Having described the parts of the before-mentioned Chersonesus without the Taurus, I must add these particulars.

Apollodorus, in his work on the catalogue of the ships mentioned in Homer, relates, that all the allies of the Trojans, who came from Asia, inhabited, according to the poet, the peninsula of which at its narrowest part is the isthmus between the innermost recess of the bay at Sinope and Issus. The exterior sides (of this peninsula), which is of a triangular shape, are unequal. Of these, one extends from Cilicia to Chelidoniæ, (islands,) another thence to the mouth of the Euxine, and the third from the mouth of the Euxine to Sinope.

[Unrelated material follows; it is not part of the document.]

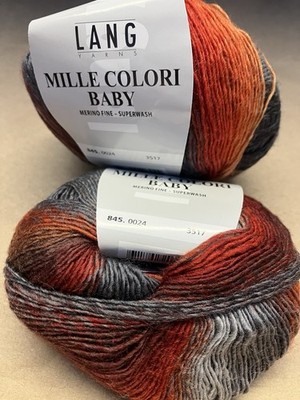 2 Balls Lang Mille Colori Baby Superwash Merino Yarn Color 0024 Reds greys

The assertion that the allies were only those who occupied the peninsula may be proved to be erroneous by the same arguments by which we before showed that those who lived within the Halys were not the only allies. For the places about Pharnacia, where we said the Halizoni lived, are situated without the Halys, and also without the isthmus, for they are without the line drawn from Sinope to Issus;1 and not only without this line, but also without the true line of the isthmus drawn from Amisus to Issus; for Apollodorus incorrectly describes the isthmus and the line of its direction, substituting one line for another (the line drawn from Sinope to Issus for the line drawn from Amisus to Issus).

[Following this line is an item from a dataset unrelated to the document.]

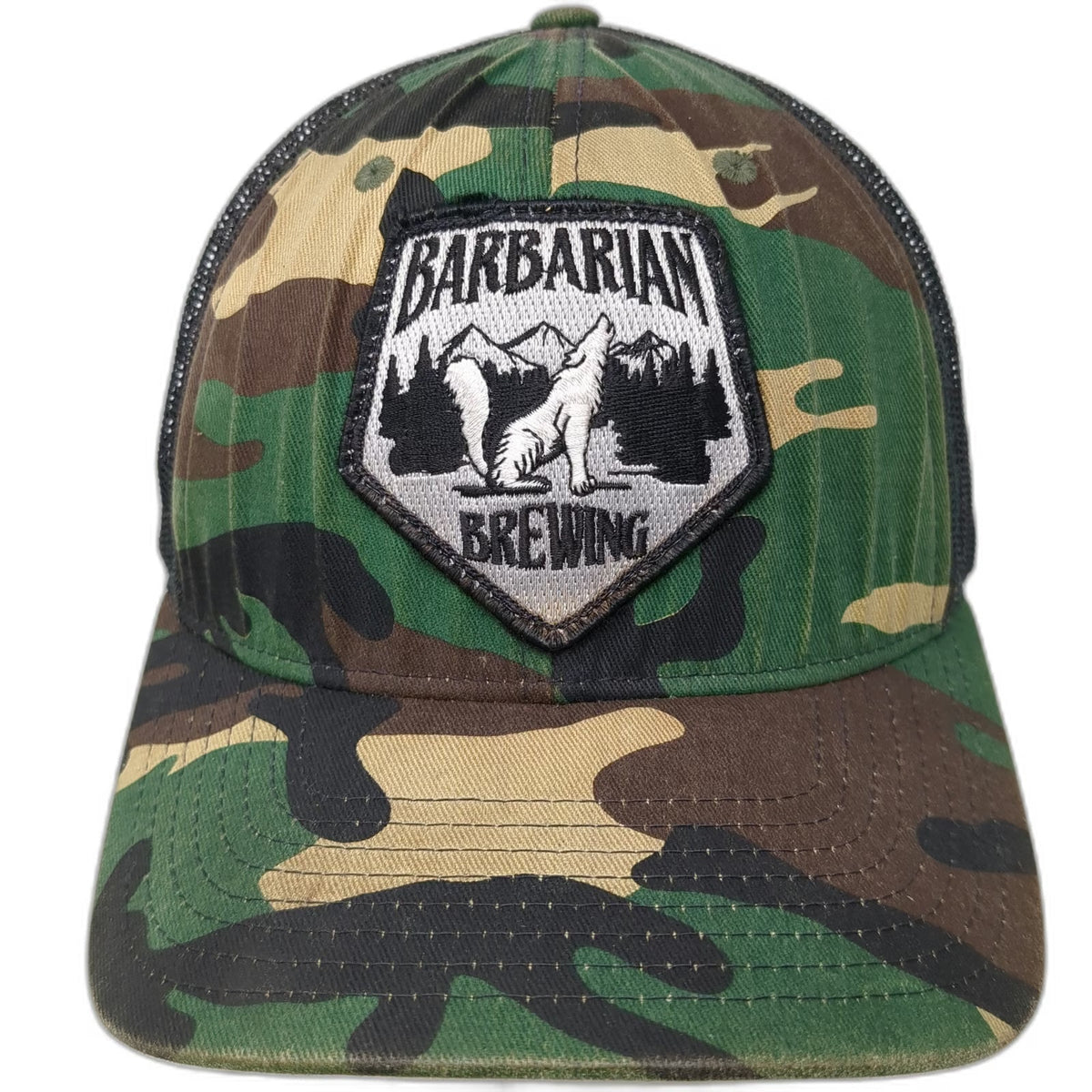 Richardson Trucker Hat Green Camo One Size Barbarian Brewing Wolf Patch Snapback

But the greatest absurdity is this, that after having said that the peninsula was of a triangular shape, he speaks of three exterior sides. For in speaking of exterior sides, he seems to except the line of the isthmus itself, considering it still a side, although not an exterior side, from its not being upon the sea. But if this line were so shortened that the extremities of the (exterior) sides falling upon Issus and Sinope nearly coincided, the peninsula might in that case be said to be of a triangular shape; but as his own line (from Sinope to Issus) is 3000 stadia in length, it would be ignorance, and not a knowledge of chorography, to call such a four-sided figure a triangle. Yet he published a work on Chorography, in the metre of comedy, (Iambic metre,) entitled ‘The Circuit of the Earth.’

He is still liable to the same charge of ignorance, even if we should suppose the isthmus to be contracted to its least dimensions, and follow writers who erroneously estimate the distance at one-half of the sum, namely 1500 stadia, to which it is reduced by Artemidorus; but even this would not by any means reduce the thus contracted space to the figure of a triangle.

Besides, Artemidorus has not correctly described the exterior sides; one side, he says, extends from Issus to the Chelidoniæ islands, although the whole Lycian coast, and the country opposite to Rhodes as far as Physcus, lies in a straight line with, and is a continuation of it; the continent then makes a bend at Physcus, and forms the commencement of the second or western side, extending to the Propontis and Byzantium.

1 Groskurd is desirous of reading Tarsus for Issus. See above, c. v. § 11. But Strabo is here considering the two opinions held respecting the isthmus.